● AIM OF THE TASK
Every line below needs to be returned exactly as written.

● INFORMATION SUPPLIED
------------------------
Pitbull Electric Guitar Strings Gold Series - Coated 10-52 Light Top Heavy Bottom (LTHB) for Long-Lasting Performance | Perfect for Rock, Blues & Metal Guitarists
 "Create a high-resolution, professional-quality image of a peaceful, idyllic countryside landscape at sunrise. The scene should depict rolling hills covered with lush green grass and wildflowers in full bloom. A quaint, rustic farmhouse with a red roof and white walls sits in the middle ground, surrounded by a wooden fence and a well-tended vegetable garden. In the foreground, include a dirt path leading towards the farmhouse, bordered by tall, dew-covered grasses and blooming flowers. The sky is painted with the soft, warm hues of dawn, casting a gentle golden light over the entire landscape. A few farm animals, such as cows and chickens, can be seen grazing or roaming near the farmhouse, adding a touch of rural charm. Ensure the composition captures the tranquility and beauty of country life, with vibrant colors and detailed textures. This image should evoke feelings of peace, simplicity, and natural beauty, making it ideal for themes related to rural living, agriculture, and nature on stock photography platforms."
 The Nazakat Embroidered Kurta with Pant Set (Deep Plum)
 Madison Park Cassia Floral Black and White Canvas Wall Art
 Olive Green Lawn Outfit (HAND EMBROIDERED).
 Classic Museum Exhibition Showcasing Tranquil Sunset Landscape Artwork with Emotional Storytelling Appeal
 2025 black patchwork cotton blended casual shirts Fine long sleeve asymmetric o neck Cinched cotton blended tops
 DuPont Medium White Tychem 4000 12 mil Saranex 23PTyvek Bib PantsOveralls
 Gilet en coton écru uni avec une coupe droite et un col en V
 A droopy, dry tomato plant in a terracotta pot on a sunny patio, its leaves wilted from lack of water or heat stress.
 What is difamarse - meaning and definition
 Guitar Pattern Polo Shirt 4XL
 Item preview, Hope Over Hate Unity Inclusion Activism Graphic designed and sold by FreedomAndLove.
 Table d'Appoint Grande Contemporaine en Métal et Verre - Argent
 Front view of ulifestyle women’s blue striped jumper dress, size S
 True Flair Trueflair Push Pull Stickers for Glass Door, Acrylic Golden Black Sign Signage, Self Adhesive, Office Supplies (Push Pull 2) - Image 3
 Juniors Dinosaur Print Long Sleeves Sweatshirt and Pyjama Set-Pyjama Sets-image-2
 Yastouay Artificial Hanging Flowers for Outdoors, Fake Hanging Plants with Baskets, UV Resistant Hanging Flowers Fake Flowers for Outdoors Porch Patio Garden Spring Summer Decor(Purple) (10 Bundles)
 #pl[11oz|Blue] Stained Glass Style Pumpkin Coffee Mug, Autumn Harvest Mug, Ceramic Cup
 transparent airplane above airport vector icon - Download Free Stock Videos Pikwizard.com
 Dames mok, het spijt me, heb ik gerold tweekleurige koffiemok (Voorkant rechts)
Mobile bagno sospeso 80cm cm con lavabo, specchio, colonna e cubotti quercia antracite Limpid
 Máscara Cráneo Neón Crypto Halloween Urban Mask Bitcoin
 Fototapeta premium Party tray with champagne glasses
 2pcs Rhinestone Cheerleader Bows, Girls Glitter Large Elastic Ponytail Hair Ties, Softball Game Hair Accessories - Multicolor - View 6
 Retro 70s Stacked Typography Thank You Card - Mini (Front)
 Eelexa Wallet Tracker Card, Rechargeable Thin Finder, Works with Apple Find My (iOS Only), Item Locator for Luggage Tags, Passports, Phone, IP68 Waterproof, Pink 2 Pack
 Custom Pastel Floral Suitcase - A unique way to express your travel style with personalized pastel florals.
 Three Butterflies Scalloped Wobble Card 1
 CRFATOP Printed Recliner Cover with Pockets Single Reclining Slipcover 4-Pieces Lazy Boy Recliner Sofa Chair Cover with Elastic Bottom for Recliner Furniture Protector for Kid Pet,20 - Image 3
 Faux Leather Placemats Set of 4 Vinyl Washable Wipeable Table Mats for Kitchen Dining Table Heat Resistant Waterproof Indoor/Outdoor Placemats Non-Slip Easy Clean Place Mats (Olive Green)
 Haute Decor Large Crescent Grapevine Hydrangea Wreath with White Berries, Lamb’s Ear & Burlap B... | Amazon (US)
------------------------
● RESPONSE TO THE EXERCISE
Pitbull Electric Guitar Strings Gold Series - Coated 10-52 Light Top Heavy Bottom (LTHB) for Long-Lasting Performance | Perfect for Rock, Blues & Metal Guitarists
 "Create a high-resolution, professional-quality image of a peaceful, idyllic countryside landscape at sunrise. The scene should depict rolling hills covered with lush green grass and wildflowers in full bloom. A quaint, rustic farmhouse with a red roof and white walls sits in the middle ground, surrounded by a wooden fence and a well-tended vegetable garden. In the foreground, include a dirt path leading towards the farmhouse, bordered by tall, dew-covered grasses and blooming flowers. The sky is painted with the soft, warm hues of dawn, casting a gentle golden light over the entire landscape. A few farm animals, such as cows and chickens, can be seen grazing or roaming near the farmhouse, adding a touch of rural charm. Ensure the composition captures the tranquility and beauty of country life, with vibrant colors and detailed textures. This image should evoke feelings of peace, simplicity, and natural beauty, making it ideal for themes related to rural living, agriculture, and nature on stock photography platforms."
 The Nazakat Embroidered Kurta with Pant Set (Deep Plum)
 Madison Park Cassia Floral Black and White Canvas Wall Art
 Olive Green Lawn Outfit (HAND EMBROIDERED).
 Classic Museum Exhibition Showcasing Tranquil Sunset Landscape Artwork with Emotional Storytelling Appeal
 2025 black patchwork cotton blended casual shirts Fine long sleeve asymmetric o neck Cinched cotton blended tops
 DuPont Medium White Tychem 4000 12 mil Saranex 23PTyvek Bib PantsOveralls
 Gilet en coton écru uni avec une coupe droite et un col en V
 A droopy, dry tomato plant in a terracotta pot on a sunny patio, its leaves wilted from lack of water or heat stress.
 What is difamarse - meaning and definition
 Guitar Pattern Polo Shirt 4XL
 Item preview, Hope Over Hate Unity Inclusion Activism Graphic designed and sold by FreedomAndLove.
 Table d'Appoint Grande Contemporaine en Métal et Verre - Argent
 Front view of ulifestyle women’s blue striped jumper dress, size S
 True Flair Trueflair Push Pull Stickers for Glass Door, Acrylic Golden Black Sign Signage, Self Adhesive, Office Supplies (Push Pull 2) - Image 3
 Juniors Dinosaur Print Long Sleeves Sweatshirt and Pyjama Set-Pyjama Sets-image-2
 Yastouay Artificial Hanging Flowers for Outdoors, Fake Hanging Plants with Baskets, UV Resistant Hanging Flowers Fake Flowers for Outdoors Porch Patio Garden Spring Summer Decor(Purple) (10 Bundles)
 #pl[11oz|Blue] Stained Glass Style Pumpkin Coffee Mug, Autumn Harvest Mug, Ceramic Cup
 transparent airplane above airport vector icon - Download Free Stock Videos Pikwizard.com
 Dames mok, het spijt me, heb ik gerold tweekleurige koffiemok (Voorkant rechts)
Mobile bagno sospeso 80cm cm con lavabo, specchio, colonna e cubotti quercia antracite Limpid
 Máscara Cráneo Neón Crypto Halloween Urban Mask Bitcoin
 Fototapeta premium Party tray with champagne glasses
 2pcs Rhinestone Cheerleader Bows, Girls Glitter Large Elastic Ponytail Hair Ties, Softball Game Hair Accessories - Multicolor - View 6
 Retro 70s Stacked Typography Thank You Card - Mini (Front)
 Eelexa Wallet Tracker Card, Rechargeable Thin Finder, Works with Apple Find My (iOS Only), Item Locator for Luggage Tags, Passports, Phone, IP68 Waterproof, Pink 2 Pack
 Custom Pastel Floral Suitcase - A unique way to express your travel style with personalized pastel florals.
 Three Butterflies Scalloped Wobble Card 1
 CRFATOP Printed Recliner Cover with Pockets Single Reclining Slipcover 4-Pieces Lazy Boy Recliner Sofa Chair Cover with Elastic Bottom for Recliner Furniture Protector for Kid Pet,20 - Image 3
 Faux Leather Placemats Set of 4 Vinyl Washable Wipeable Table Mats for Kitchen Dining Table Heat Resistant Waterproof Indoor/Outdoor Placemats Non-Slip Easy Clean Place Mats (Olive Green)
 Haute Decor Large Crescent Grapevine Hydrangea Wreath with White Berries, Lamb’s Ear & Burlap B... | Amazon (US)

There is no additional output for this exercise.